IN THE HIGH COURT OF SOUTH ARRICA

NORTH GAUTENG, PRETORIA

CASE NO: 1452/2008

In the matter between:


O R …………………………. Plaintiff


and


N R …………………………. Defendant


JUDGMENT


Ismail AJ :

[1] The plaintiff in this matter instituted proceedings against the defendant wherein she sought an order that a decree of divorce be granted She also sough an order that care and the primary residence of the minor child , J, be awarded to her subject to the defendant's rights of reasonable contact to the minor child.


[2] These were the central issues which needed to be determined together with whether or not an agreement had been reached between the parties regarding the settlement of the issues between them. The plaintiff maintained that there was such an agreement and to that extent an agreement was drafted and signed by her. When the agreement was sent to the defendant he reneged on the agreement and refused to sign it.

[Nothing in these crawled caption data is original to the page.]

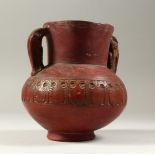 AN EARLY TURKISH POTTERY TWO-HANDLED VASE with pierced top, possibly a strainer 17cms high.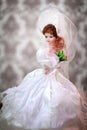 Beautiful doll bride in a wedding dress Royalty Free Stock Photo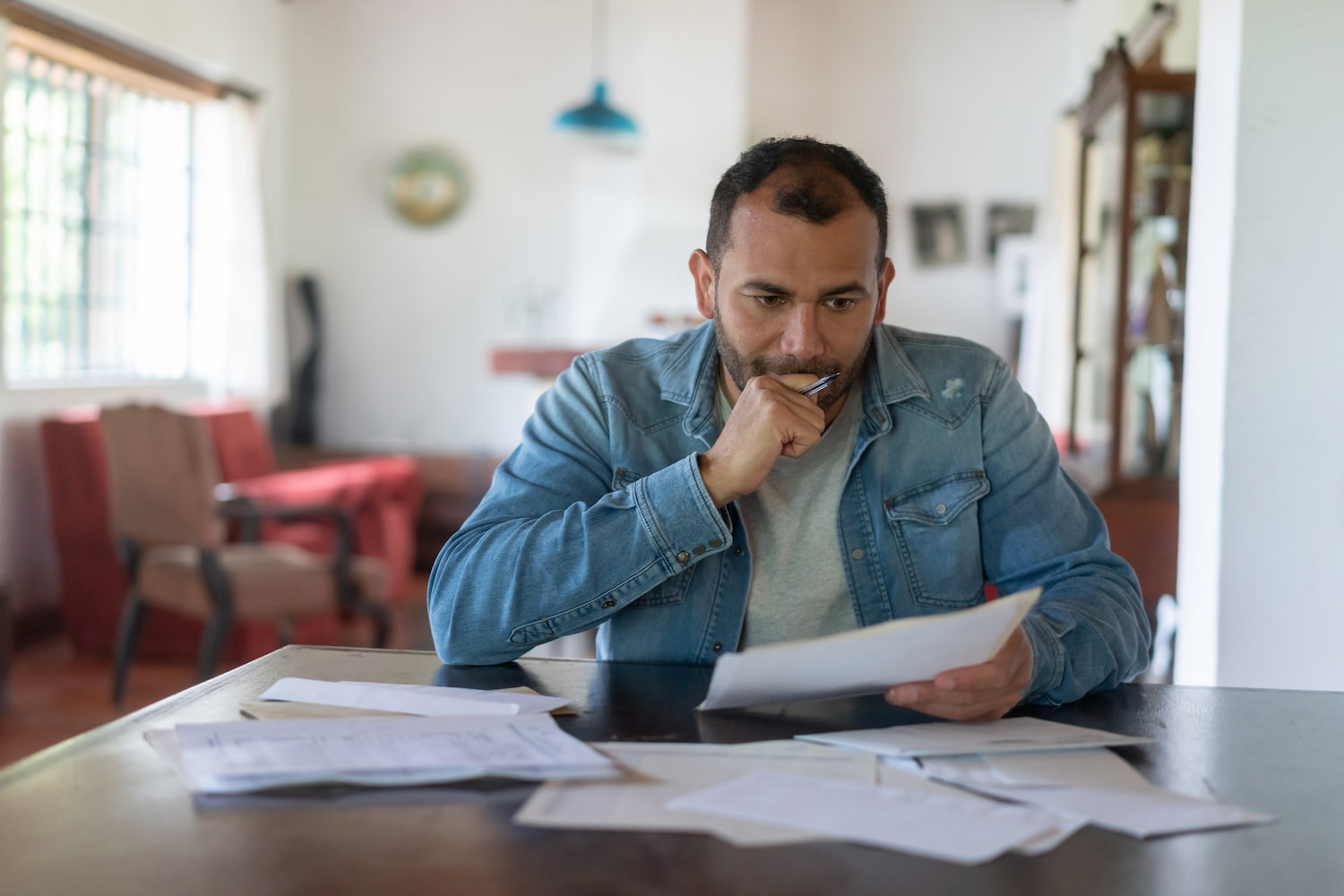 A person sitting at a table with papers scattered around, appearing stressed while holding a sheet of paper.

[3] The parties were married to each other on 10 June 1989 at Durban in community of property. The parties have two children the eldest of which is a major studying mechanical engineering at the Tshwane technikon. The younger of the two children is presently 13 years old. He is a grade 7 pupil at the Uitsig primary school. Both children reside with their mother at [ …. ] Rooihuiskraal (the matrimonial home)


[4] The defendant conducted his own defence as he was no longer represented by the firm of attorneys who initially represented him.

[5] Mrs R, the plaintiff testified and she was the only witness who testified on behalf of the plaintiff. She stated that she was employed at the Department of Public Enterprise. She testified that in terms of her employment contract her duties dictated that she travelled to Cape Town when parliament was in session. This resulted in her being away from home and not being with her children

[6] It was common cause between the parties that the defendant left the matrimonial residence on the 1 April 2008 and that he and his wife have been living apart ever since that date.


[7] The defendant resides in a secured complex in Centurion The unit consist of two bedrooms. He shares this unit with a friend. I was told that this unit is approximately 5 kms away from the matrimonial home.


[8] The plaintiff stated that she did not want to continue with the marriage and she described the relationship currently as" we only speak to each other when necessary". She was adamant that she would not allow the present situation to continue and she sought a divorce She also stated that she was seeing somebody else and she described the relationship as a serious one.


[9] Mrs R conceded that in the past she was away from home when she accompanied the minister on an overseas trip for ten days. She also had to accompany the minister to parliament. These trips have now come to an end as she discussed the matter with the minister. She stated that she is no longer sessional, meaning that she does not have to travel and stay away from home as she previously did.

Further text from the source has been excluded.